I follow Julian into the room and become unnerved. I hate hotel rooms. My great-grandfather died in one. At the Stardust in Las Vegas. He had been dead two days before anybody found him.
“Would you boys like a drink?” the man asks.
I have a feeling that these men always ask this and though I want one, badly, I look at Julian, who shakes his head and says, “No, thank you, sir.” And I also say, “No, thank you, sir.”
“Why don’t you two boys make yourself comfortable and sit down.”

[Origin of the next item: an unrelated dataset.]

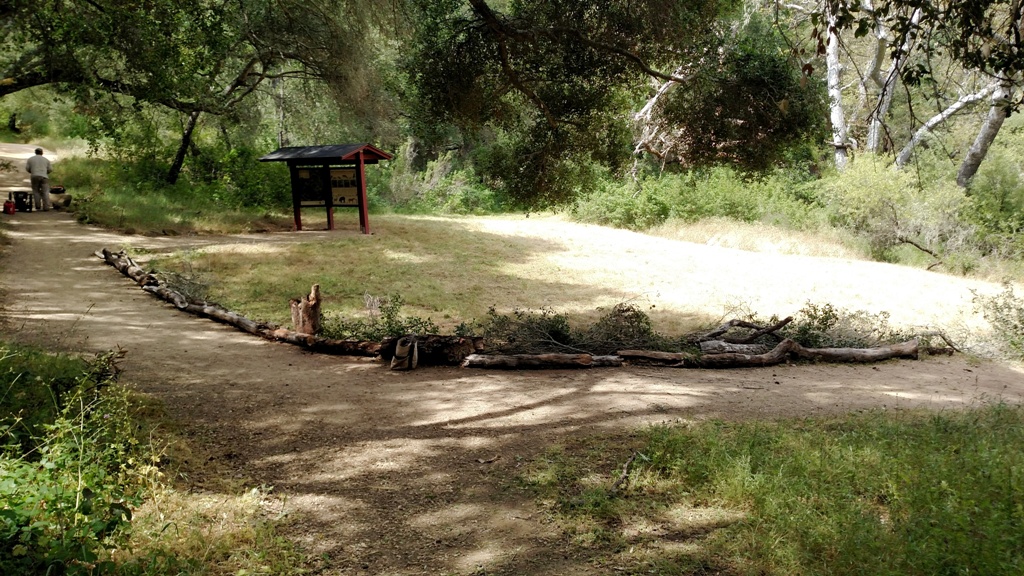 The new log barriers along the Meadow trail, Joe in the background!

“Can I take my jacket off?” Julian asks.
“Yes. By all means, son.”
The man begins to make himself a drink.
“Are you in L.A. for long?” Julian asks.
“No, no, just a week, for business.” The man sips his drink.
“What do you do?”
“I’m into real estate, son.”
I look over at Julian and wonder if this man knows my father. I look down and realize that I don’t have anything to say, but I try to think of something; the need to hear my own voice begins to get more intense and I keep wondering if my father knows this guy. I try to shake the thought from my head, the idea of this guy maybe coming up to my father at Ma Maison or Trumps, but it stays there, stuck.
Julian speaks up. “Where are you from?”